According to the SOLAS Convention, a UN convention on maritime safety from 1974, rescue operations in the central Mediterranean are carried out in coordination with the Maritime Rescue Coordination Centres (MRCCs) of the neighboring countries Italy, Malta and Libya. Until May 2018, Italy was de facto responsible for the coordination of all rescue operations in international waters south of Lampedusa. The Italian Maritime Rescue Coordination Center in Rome informed about boats in distress and commissioned vessels nearby, including civilian rescue vessels, to carry out the rescue. Since the transfer of the search and rescue (SAR) zone from Italy to Libya, which was officially recognized by the International Maritime Organization in June 2018, the Libyan Coast Guard, funded and supported by the EU, has taken over the coordination of rescue operations in the Libyan SAR zone.

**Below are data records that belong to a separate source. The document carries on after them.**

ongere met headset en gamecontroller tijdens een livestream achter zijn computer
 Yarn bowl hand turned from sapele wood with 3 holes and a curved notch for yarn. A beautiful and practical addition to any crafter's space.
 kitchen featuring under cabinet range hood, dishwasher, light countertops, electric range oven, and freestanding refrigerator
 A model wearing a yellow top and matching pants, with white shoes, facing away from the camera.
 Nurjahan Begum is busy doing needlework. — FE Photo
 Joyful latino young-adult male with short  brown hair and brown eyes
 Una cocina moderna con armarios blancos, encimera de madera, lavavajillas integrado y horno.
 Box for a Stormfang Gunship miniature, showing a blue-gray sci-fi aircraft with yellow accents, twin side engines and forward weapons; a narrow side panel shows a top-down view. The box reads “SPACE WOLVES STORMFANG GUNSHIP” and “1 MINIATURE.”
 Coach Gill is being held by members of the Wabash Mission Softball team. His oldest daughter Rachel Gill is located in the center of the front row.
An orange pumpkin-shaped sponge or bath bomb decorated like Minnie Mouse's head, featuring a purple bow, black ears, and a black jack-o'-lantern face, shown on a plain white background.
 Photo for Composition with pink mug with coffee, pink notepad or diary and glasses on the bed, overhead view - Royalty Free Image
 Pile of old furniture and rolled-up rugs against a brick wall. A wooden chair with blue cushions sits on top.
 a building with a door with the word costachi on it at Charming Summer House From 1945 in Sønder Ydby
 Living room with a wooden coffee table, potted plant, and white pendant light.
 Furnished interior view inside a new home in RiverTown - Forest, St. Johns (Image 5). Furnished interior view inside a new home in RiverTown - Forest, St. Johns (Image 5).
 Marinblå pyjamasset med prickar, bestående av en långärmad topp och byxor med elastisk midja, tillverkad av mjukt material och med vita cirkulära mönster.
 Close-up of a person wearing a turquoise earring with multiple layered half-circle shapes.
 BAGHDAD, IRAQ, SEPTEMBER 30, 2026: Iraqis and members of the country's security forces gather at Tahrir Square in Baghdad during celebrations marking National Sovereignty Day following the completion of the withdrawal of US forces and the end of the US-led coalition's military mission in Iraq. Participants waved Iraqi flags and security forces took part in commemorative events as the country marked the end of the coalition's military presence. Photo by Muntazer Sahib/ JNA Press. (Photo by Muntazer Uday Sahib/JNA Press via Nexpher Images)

According to the SOLAS Convention, maritime rescue organizations such as SOS Mediterranee and SOS Humanity request a safe place of disembarkation from the responsible rescue coordination center following a rescue. Those rescued at sea are brought ashore according to the instructions. However, SOS Mediterranee and SOS Humanity, citing systematic human rights violations in Libya, state that Libya cannot be considered a safe place. Refugees are imprisoned in Libya and are subjected to slavery, rape, torture, and extortion. The United Nations refugee agencies (UNHCR, IOM) also emphasize that people rescued at sea in the central Mediterranean may not be returned to Libya.

==Political commitment==
The association aims to raise awareness of human rights violations at sea, inform the public about European migration policy, and advocate for the rights of people fleeing at sea at the political level. SOS Humanity demands that the European Union and its member states comply with international law at sea, implement an effective, state-coordinated search and rescue program, disembark rescued persons as quickly as possible at a safe and nearby location in the EU, end cooperation with third countries to combat migration, and stop obstructing civilian sea rescue.

In July 2023, the non-governmental organizations SOS Humanity, Doctors Without Borders (MSF), Oxfam Italia, the Association for Juridical Studies on Immigration (ASGI), and EMERGENCY submitted a complaint to the European Commission about Italian Law 15/2023 and the practices of the Italian authorities. They argue that the law raises serious concerns regarding its compatibility with relevant EU law and the international legal obligations of EU Member States regarding search and rescue operations at sea.

In April 2023, SOS Humanity, together with Mission Lifeline and Sea-Eye, also filed a lawsuit before the Civil Court in Rome against the systematic allocation of distant ports by the Italian authorities, which it argued was not in line with international maritime law.

In the petition "SOS in the Mediterranean. Coordinate sea rescue at European level," SOS Humanity called on the German federal government in 2023 to implement its coalition promise on sea rescue and initiate a European-coordinated sea rescue program. The petition received 62,943 signatures and was handed over to German Interior Minister Nancy Faeser on June 7, 2023.

==History==
On May 4, 2015, SOS Mediterranee Deutschland e.V. was founded in Berlin on the initiative of captain and historian Klaus Vogel, after the Italian state rescue mission Mare Nostrum was terminated. Associations of the same name were formed in France, Italy, and Switzerland. The four associations in the European network SOS Méditerranée reportedly rescued a total of 34,631 people from distress at sea in the central Mediterranean by the end of 2021.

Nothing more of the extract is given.